§ **WHAT IS NEEDED**
Below is a listing; repeat exactly the lines from the one containing "Nursing Resume Template" to the one containing "Gesture Remote Control", both included.

(Beginning of MATERIAL TO PROCESS)

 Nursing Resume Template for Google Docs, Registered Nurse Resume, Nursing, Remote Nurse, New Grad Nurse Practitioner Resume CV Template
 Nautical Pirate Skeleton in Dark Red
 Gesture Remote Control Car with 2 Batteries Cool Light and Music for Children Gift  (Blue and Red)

(End of MATERIAL TO PROCESS)
(Beginning of MATERIAL TO PROCESS)

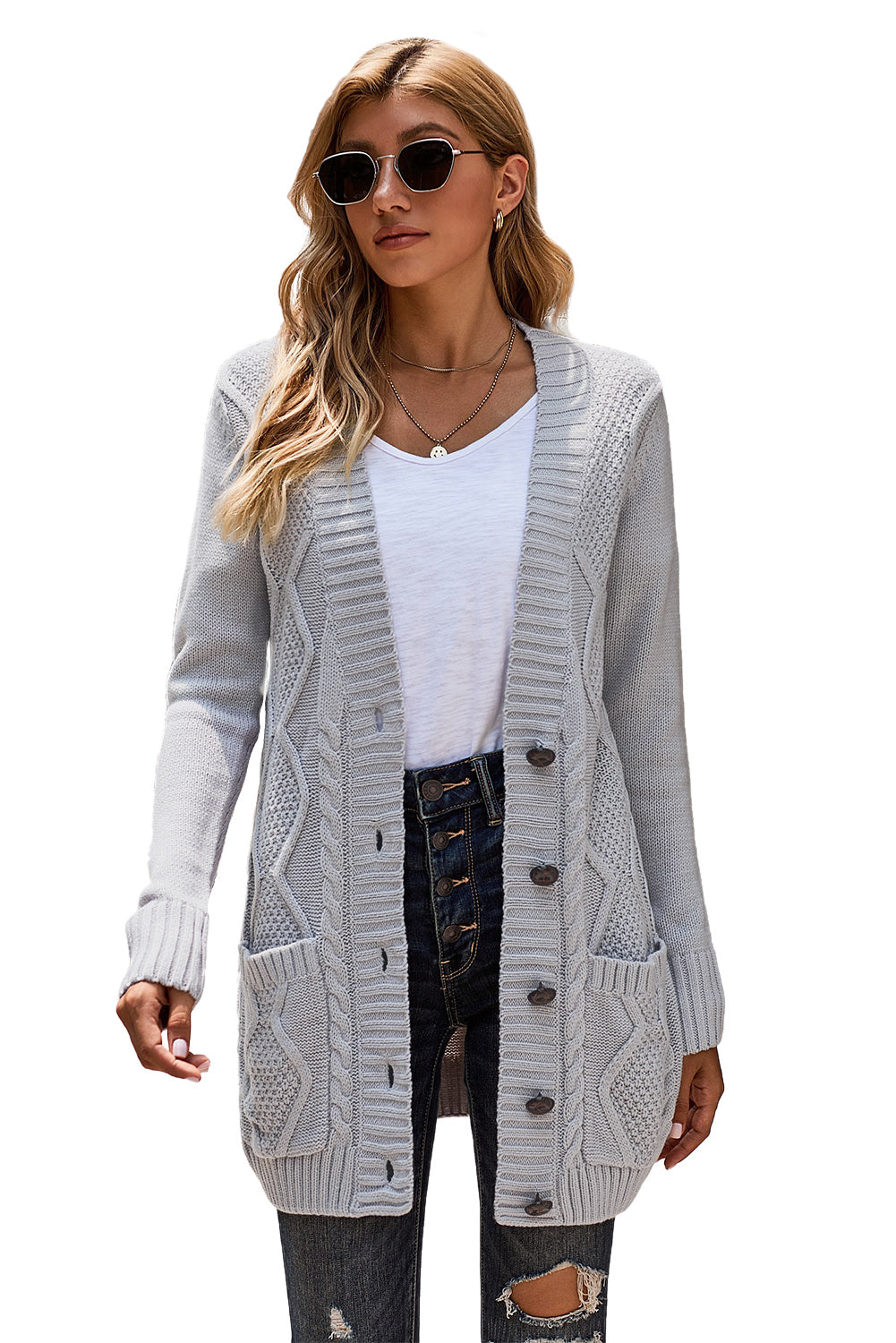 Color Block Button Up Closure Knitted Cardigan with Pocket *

(End of MATERIAL TO PROCESS)

§ **RESPONSE TO THE TASK**
 Nursing Resume Template for Google Docs, Registered Nurse Resume, Nursing, Remote Nurse, New Grad Nurse Practitioner Resume CV Template
 Nautical Pirate Skeleton in Dark Red
 Gesture Remote Control Car with 2 Batteries Cool Light and Music for Children Gift  (Blue and Red)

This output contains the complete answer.